En países como Camerún las niñas son golpeadas en los senos al comienzo de su desarrollo con piedras calientes para planchárselos y evitar así que inciten a los varones e inicien precozmente su vida sexual. Naciones Unidas lo ha calificado como una de las cinco violencias contra la mujer menos documentadas del mundo y sus informes indican que cerca de 3,8 millones de adolescentes africanas han sufrido esta práctica. Estirar sus cuellos con collares que deforman su estructura ósea en Birmania, reducir el tamaño de sus pies con dolorosos vendajes en China, engordarlas en Mauritania hasta deformar sus cuerpos, lapidarlas, golpearlas, cubrirlas y despojarlas de todos sus derechos en Nigeria, Somalia, Indonesia e Irán o mutilar sus genitales, son algunas de las prácticas que todavía hoy se realizan a diario a niñas y mujeres de todas las edades.

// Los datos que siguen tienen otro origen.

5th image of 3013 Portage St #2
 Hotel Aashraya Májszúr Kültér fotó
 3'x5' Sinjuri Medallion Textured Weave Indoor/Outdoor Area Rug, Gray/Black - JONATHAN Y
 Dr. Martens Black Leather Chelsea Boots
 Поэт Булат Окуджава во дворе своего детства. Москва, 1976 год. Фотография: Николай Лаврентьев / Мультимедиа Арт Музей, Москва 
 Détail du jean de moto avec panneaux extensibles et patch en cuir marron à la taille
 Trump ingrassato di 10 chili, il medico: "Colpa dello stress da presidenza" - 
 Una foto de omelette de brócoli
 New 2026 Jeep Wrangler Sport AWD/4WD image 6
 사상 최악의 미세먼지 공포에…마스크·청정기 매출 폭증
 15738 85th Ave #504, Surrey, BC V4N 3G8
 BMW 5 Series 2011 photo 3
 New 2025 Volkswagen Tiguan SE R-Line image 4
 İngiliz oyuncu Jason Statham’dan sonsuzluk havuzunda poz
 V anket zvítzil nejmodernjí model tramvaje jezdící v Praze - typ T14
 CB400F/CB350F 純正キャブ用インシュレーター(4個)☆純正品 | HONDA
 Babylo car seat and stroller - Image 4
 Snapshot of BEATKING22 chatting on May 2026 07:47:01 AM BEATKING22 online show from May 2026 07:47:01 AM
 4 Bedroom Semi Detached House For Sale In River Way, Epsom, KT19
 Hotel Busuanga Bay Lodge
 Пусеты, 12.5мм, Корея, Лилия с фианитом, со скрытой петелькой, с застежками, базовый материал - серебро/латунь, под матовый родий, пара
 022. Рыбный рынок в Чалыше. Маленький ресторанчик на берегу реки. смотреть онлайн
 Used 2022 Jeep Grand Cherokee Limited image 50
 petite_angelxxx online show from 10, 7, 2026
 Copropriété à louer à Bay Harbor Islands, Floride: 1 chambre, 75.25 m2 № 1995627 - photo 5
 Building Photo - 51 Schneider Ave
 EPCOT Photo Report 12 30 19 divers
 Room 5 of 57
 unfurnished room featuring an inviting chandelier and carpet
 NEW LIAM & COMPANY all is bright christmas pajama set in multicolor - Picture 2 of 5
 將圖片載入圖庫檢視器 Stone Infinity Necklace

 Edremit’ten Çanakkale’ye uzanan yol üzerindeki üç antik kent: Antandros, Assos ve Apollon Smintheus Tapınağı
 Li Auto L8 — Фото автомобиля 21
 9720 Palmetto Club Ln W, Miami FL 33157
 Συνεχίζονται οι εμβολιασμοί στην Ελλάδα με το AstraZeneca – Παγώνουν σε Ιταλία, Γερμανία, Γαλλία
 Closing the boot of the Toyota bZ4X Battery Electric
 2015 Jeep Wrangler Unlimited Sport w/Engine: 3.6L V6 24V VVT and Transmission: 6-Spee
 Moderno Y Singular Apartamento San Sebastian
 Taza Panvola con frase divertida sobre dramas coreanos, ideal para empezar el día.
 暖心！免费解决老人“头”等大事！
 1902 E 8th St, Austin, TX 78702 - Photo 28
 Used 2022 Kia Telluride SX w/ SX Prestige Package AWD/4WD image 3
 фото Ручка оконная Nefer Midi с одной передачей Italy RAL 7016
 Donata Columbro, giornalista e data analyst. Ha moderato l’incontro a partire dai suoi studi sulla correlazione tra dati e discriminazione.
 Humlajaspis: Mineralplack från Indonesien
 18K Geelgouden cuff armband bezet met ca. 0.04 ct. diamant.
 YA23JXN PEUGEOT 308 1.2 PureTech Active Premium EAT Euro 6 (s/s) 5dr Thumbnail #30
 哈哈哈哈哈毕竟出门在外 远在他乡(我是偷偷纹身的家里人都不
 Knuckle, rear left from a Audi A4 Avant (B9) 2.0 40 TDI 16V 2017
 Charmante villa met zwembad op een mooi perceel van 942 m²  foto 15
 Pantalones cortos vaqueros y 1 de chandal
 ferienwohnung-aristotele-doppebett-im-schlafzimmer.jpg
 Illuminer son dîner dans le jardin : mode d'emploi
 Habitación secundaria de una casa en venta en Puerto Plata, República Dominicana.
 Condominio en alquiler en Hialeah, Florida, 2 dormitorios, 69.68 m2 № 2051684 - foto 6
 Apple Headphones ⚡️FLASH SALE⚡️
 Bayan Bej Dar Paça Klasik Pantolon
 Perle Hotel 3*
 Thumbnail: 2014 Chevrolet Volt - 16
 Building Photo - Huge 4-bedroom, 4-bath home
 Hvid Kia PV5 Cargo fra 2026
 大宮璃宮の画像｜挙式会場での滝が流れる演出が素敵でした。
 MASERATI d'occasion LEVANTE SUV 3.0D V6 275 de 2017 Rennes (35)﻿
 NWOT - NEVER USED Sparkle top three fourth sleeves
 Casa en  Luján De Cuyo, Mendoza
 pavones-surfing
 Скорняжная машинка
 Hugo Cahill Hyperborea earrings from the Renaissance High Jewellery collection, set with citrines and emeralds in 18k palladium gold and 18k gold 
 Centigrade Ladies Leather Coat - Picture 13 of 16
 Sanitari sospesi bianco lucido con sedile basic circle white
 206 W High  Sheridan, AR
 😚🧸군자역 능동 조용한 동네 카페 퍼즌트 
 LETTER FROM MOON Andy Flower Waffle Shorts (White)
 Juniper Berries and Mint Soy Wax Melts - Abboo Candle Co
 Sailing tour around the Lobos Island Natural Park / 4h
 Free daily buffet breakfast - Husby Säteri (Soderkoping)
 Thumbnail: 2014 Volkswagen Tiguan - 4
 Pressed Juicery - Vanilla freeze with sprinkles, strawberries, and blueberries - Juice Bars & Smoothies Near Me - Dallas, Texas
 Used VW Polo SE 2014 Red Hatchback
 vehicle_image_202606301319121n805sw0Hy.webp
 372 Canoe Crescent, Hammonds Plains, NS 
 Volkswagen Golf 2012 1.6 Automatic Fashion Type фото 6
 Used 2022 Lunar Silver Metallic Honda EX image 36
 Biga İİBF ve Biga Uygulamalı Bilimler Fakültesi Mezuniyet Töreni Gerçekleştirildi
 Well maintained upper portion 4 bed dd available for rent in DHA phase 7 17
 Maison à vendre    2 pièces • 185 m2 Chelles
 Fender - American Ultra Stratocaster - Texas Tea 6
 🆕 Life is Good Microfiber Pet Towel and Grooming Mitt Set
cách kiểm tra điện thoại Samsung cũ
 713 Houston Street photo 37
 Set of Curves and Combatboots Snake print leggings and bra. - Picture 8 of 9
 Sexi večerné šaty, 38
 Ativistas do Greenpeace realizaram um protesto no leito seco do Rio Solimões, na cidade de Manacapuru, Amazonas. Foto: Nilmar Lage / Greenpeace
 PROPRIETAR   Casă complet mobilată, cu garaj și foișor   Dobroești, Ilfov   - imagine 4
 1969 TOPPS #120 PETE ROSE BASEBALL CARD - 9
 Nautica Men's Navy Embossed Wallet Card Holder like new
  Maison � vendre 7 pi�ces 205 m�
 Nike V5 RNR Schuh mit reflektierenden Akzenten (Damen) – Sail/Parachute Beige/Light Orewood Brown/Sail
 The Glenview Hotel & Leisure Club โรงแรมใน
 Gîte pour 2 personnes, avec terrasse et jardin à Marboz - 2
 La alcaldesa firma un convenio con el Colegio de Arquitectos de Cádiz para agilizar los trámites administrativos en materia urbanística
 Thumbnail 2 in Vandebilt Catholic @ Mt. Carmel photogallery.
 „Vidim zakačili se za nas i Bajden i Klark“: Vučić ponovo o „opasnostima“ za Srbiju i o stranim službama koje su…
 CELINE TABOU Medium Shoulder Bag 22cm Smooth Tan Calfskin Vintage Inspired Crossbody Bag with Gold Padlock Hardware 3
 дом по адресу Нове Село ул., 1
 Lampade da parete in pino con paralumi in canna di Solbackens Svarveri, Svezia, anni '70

Por eso, que Ione Belarra luzca sus pezones en un cariñoso abrazo con su homóloga Irene Montero, no me produce más reparo que la falta de coherencia de sus palabras. Me rechina más su desconocimiento de la ortografía en sus tweets o su falta de bagaje y de conocimientos para ocupar un puesto como el que ostenta, por designación directa y sin haber sido votada ni haber obtenido su puesto por ningún mérito. Su falta de humildad, su incapacidad para negociar, para buscar el bien común, el de los votantes de su partido, pero también el de quienes no comulgamos con su credo, su torpeza para pedir perdón, para rectificar y para escuchar o su inhabilidad para dejar de sesgar entre feministas de primera y de segunda, según sus propias reglas, me roza mucho más que lo hirsuto de sus glándulas mamarias. Al final nuestros pechos no son más que una parte natural de nuestro cuerpo, y que una ministra no respete el protocolo y el buen gusto que se presumen en su cargo, me afecta menos que sentirme gobernada por niños de colegio.
Por cierto, en la mayoría de las tribus las mujeres solo se cubrían los genitales, del mismo modo que los hombres, y han sido históricamente ellos quienes les han dado más importancia de la que tienen. Enseñen si quieren sus pezones, señoras, que para eso son suyos y solamente suyos, pero levanten otras banderas que tengan más valor y significado.